Da parte da tarde as meninas, quando estava bom tempo, levavam cadeirinhas para o jardim do colégio... e foi assim que aprendi a bordar.
Com quatro aninhos já sabia ler, escrever, contar, tocar piano e bordar! Uma verdadeira prenda!
Não havia lojas na Avenida Gomes Pereira. Lembro-me de que havia uma espécie de mercearia tradicional  já na esquina para a Estrada de Bem-Fica e a coisa melhor que me podiam dar eram os célebres gatinhos de chocolate embrulhados em papel de prata. E até me lembro de um episódio insólito devido à minha já adição ao chocolate, na altura só na forma de gatinhos.
A minha mãe tinha-me levado ao dentista - num primeiro andar de um pequeno prédio de dois andares com uma escada tenebrosa de madeira, na estrada de Bem-Fica, para ele me tirar um dente de leite que estava quase a cair. Mas quem disse que eu deixava tirar o dentinho?
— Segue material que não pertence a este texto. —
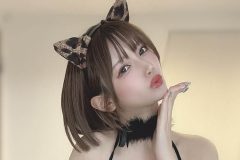 相良ましろ、キュートで色っぽい女豹コス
Nem pensar! O Dentista ouviu palavrões, que a minha mãe nem sonhava que eu alguma vez os conhecesse e muito menos os dissesse. Lembro-me bem de lhe dizer: "Sua besta!" em altos gritos. Imaginem uma menina tão bem-educada e sossegadinha a dizer coisas destas a um adulto!!!
Mas quem ganhou fui eu! O dente é que não ficou lá! Voltou comigo, novamente, e ainda recebi um prémio, pois a minha mãe lá me comprou mais um gatinho desses e, para meu espanto, ao trincá-lo, solta-se o dente. QUE ALIVIO para todos e, especialmente, para mim, está claro!
E fico por aqui, com a sensação de ter voltado a ter quatro anos e um grande laçarote na cabeça.


Milinha e a sua estória de menina na Avenida Gomes Pereira, em Bem-Fica


Um belíssimo  e terno depoimento sobre Bem Fica da autoria de Emília Donas-Bôto. 
Aguardamos por mais memórias tão bonitas.

2 comentários:

J. disse...

belissimo texto de memorias, emilia! ;)

Xávi disse...

Gostei muito de ler o texto da Emília, que me fez viajar por uma Avenida Gomes Pereira de outros tempos guiado por uma menina de quatro anos com um laçarote na cabeça. Parabéns!